Las fuerzas que se enfrentan son desiguales en número, cualificación de sus respectivos jefes y objetivos; las de César son claramente superiores en los dos primeros aspectos y su destino se decide, por ahora, en Hispania, donde aguardan las de Pompeyo, su genuino rival; Marsella, en cambio, ese accidente del camino, opone a la primacía numérica del contrincante su determinación por defender los pactos, la bendición por tanto de la justicia y, más allá, de los propios dioses, y frente al nuevo cartaginés romano su intrepidez por ser Sagunto. Por último, cifra su destino en su supervivencia, es decir: frente a las prisas de César consagra todo su tiempo a la victoria.
¿Quién venció?

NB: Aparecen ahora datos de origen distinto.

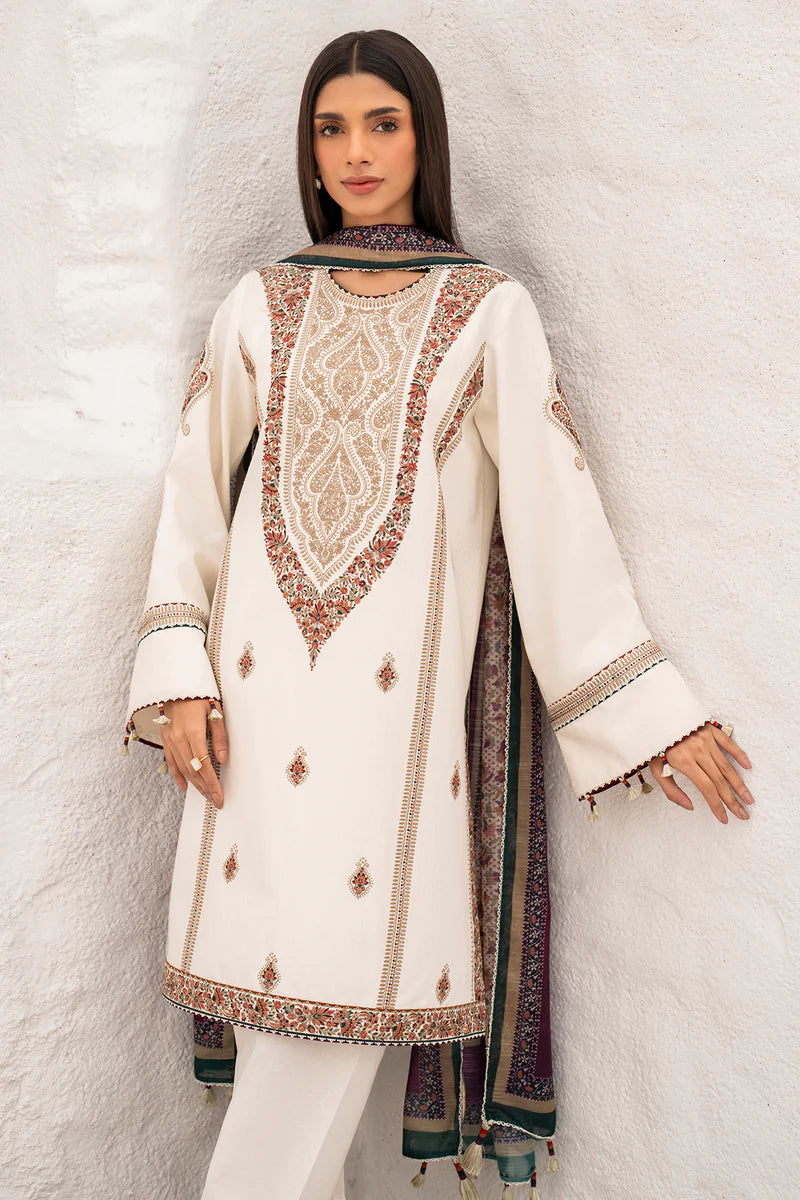 Woman wearing a cream embroidered traditional outfit against a white background of Pakistani dresses in Canada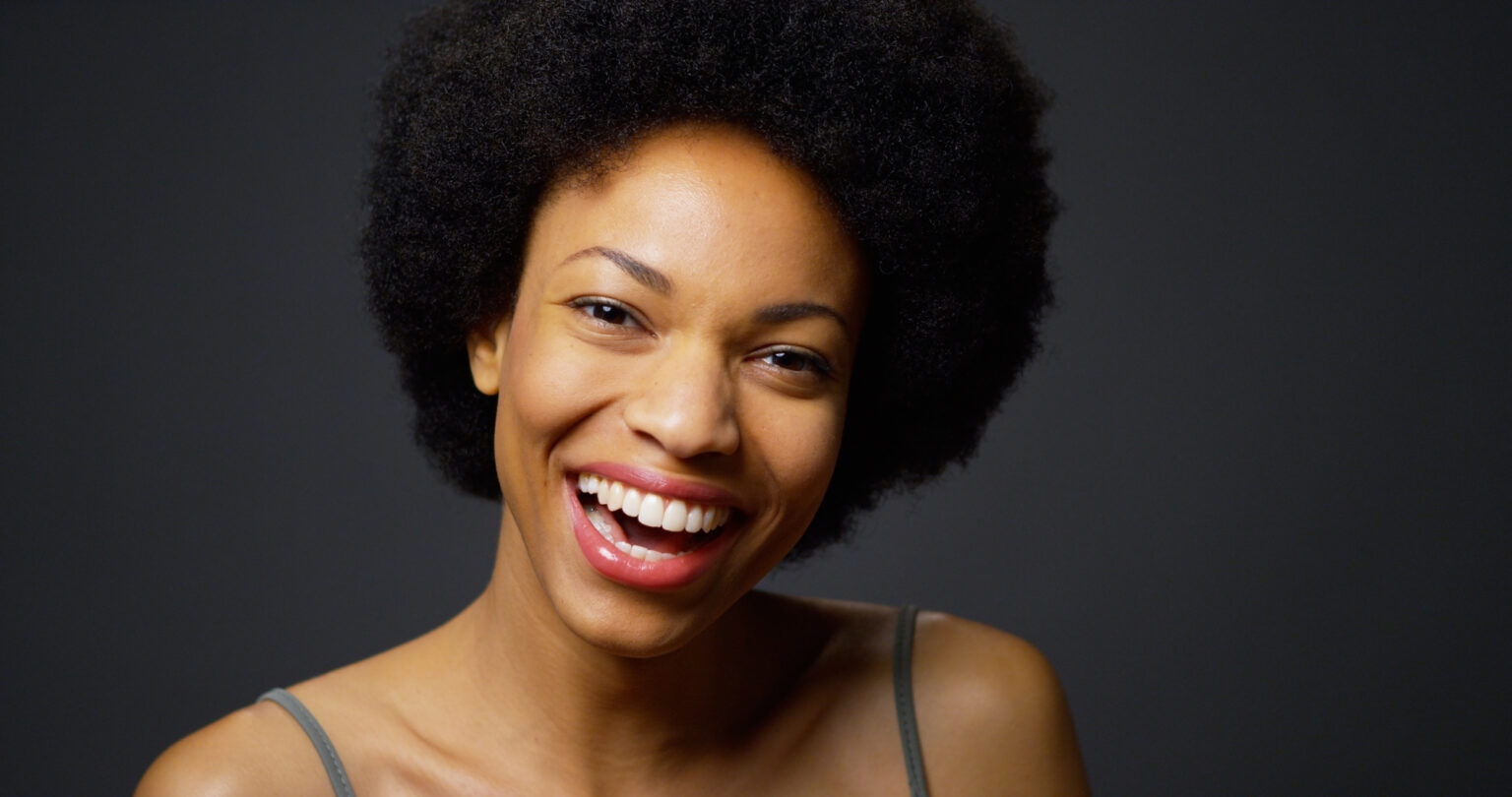 A smiling woman with an afro against a grey background in a dental clinic.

La respuesta, sencilla en apariencia, no viene sólo del mar, como se verá.
Señalemos antes de nada que si bien César tiene la vista puesta más a occidente, donde termina el mundo que señala el límite a la expansión de Roma, esto es, su límite, no por ello deja de dar la bienvenida a la guerra con Marsella, un lugar que, para alborozo de la tropa, les permitirá matar en primera instancia el aburrimiento: resulta impropio de un gran ejército recorrer un trayecto tan largo sin alicientes que amenicen el camino. Mas no por ello deja de rendir honores a la visita y tratarla como se merece: la guerra es afrontada con tal celo que al final la victoria se erige en el monumento con el que la colosal leyenda del vencedor se agranda a sí misma.
Razón insuficiente, aunque necesaria. Insuficiente porque de centrarnos en el denuedo, el valor, la organización, la disciplina y la táctica de ambos bandos no se observarán apenas brechas de importancia entre quienes combaten por la libertad y la supervivencia o, más profesionalmente, por el imperio, la gloria del caudillo y el botín de la tropa; fines tan disímiles sólo diferencian el espíritu que anima la espada, no la contundencia del golpe. De hecho, también gestas y héroes –ese padre que no accede al deseo de su hijo moribundo de recibir un último beso suyo antes de partir de nuevo hacia la muerte, de donde había regresado merced a la graciosa prórroga que ésta le había concedido; que no accede porque al ver a su hijo repentinamente vivo sólo desea morir antes que él, e invierte sus fuerzas en clavarse la espada y arrojarse al agua, a fin de que la suma de las muertes adelante la suya, etc.– se reparten armoniosamente entre ambos bandos. Es tal simetría lo que vuelve necesaria la planificación minuciosa de la batalla por parte del ejército más en apariencia poderoso.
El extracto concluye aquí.